Because it was so full, we never really let anyone in. We never felt like we needed to.
As I grew older, I met a lot of people that I liked. Somehow, a few liked me back, and thus began my foray in to the frightening world of friendships. These friends got tours of the house, they decided to set up relocate their own beside mine. Of course, with time some moved, some stayed. The true friendships remained.
But of course, my house – it is all me. Now, I don’t see this as a problem. I’ve found such a comfort within myself – other inhabitants would cause hinderances – no matter how much I love them. I fully blame my anxiety for this. And so, after living alone, I decided that, it is best for me to live alone. I need, want and like my space and freedom. It’s also very much an only child thing.
Here’s the deal though. Right now, I’m literally living in a house with other people. And it’s making me realise the cracks in my metaphor. There’s something messy, frustrating and infuriating when you’re living with other people in the same house. But that’s what makes it so wonderful.

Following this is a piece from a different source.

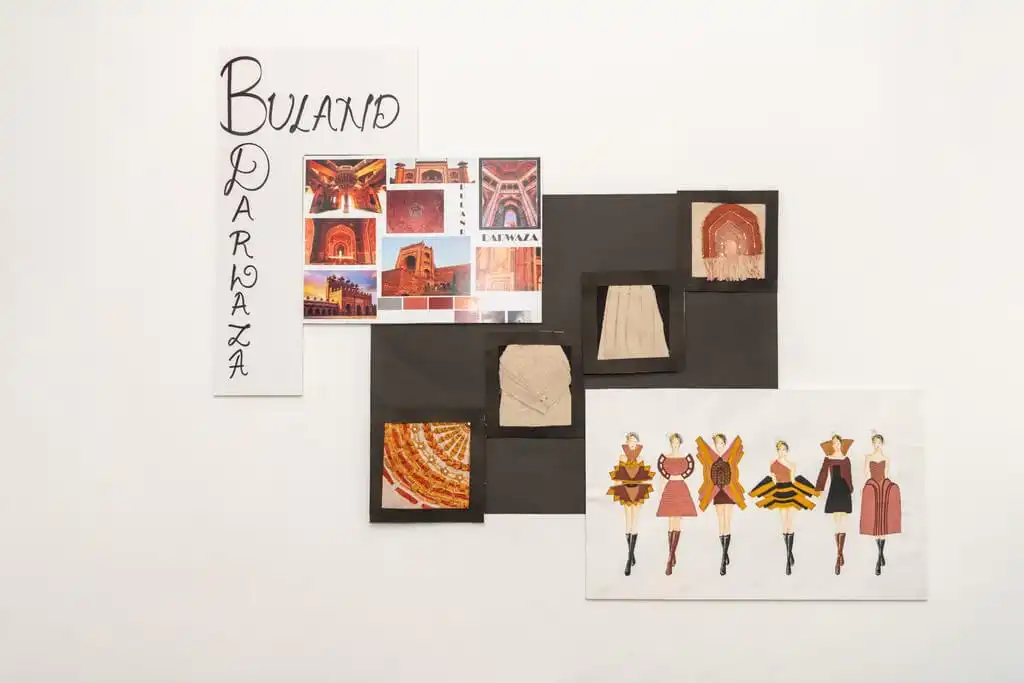 Fashion collection display inspired by art and costume history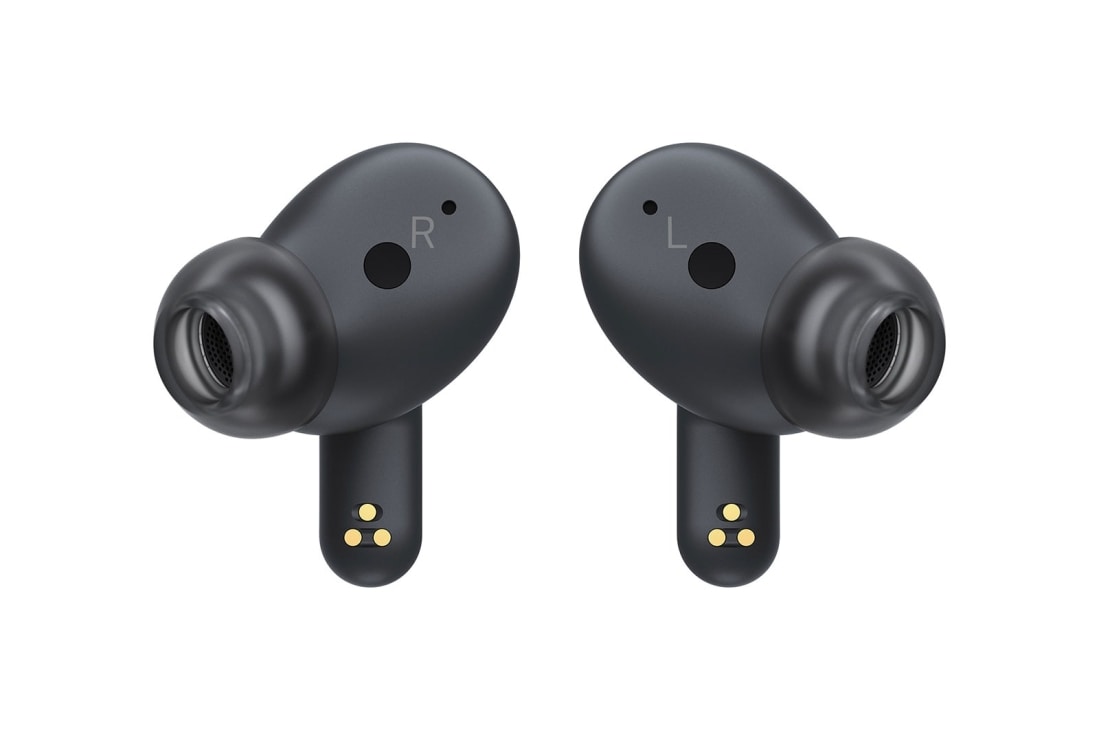 LG TONE Free DFP9, Skats no aizmugures uz austiņām, kuru uzgaļi pavērsti viens pret otru., TONE-DFP9, thumbnail 4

Moreover, I have discovered that I am falling in love, and I can’t really, properly do that if I don’t let someone else live inside this house. Not just to visit, but to linger for a little longer and experience what others might not. To feel the fabric of the couch, the colour of the wood, the flecks of paint on the windows. The scratches on the walls, the water leaking through the flooring, the chipping paint covered by paintings.
I realise upon finishing the previous sentence that my title is misleading. I’m not exactly speaking about loneliness. I have before – here on this page – but right now, I’m speaking from the same road, but I’m standing by the underpass. I’m not saying that I’m no longer lonely, I imagine, that will stay. I’m too stubborn to buy myself a new house or redesign the existing one. And I’m sure, even if I did, I l would live in it the same way. I will stay the same, I will remain, other people will not. But, I shouldn’t let this loneliness make me put bolts on my door. Letting people in isn’t always a bad thing.
Within my core, I should remember that dependance on others is an absolute no. The keys to my house should always only remain with me. At the end of the day, no one will give you the love and care that you need like you will. And that might sound a little sad – but it really isn’t.
There’s no greater joy than in having fun with yourself. (That sounds kinda masturbatory – but I guess it kinda applies to this situation too?) There’s nothing like watching a movie you’ve seen a billion times before with a pack of chips and beer, or dancing wildly to your favourite album on your own. Painting with water colours on the floor, frequently gazing out the window. Being the wildest you’ve ever been with make-up. Being the person you truly are and not being a person at all.
There’s no peace like knowing that you don’t need anyone else to make you happy or bring you fun.
I suppose that’s the experience I’ve gotten out of my loneliness. It doesn’t feel as sad anymore. Of course, I have days where I wished I didn’t chose such solitude. Sometimes you want to scratch the walls, rip pillows. But such moments, despite how devastating they are, will pass. And after all, scratched walls and torn pillows are no less important than pretty paintings and perfectly presented bookshelves.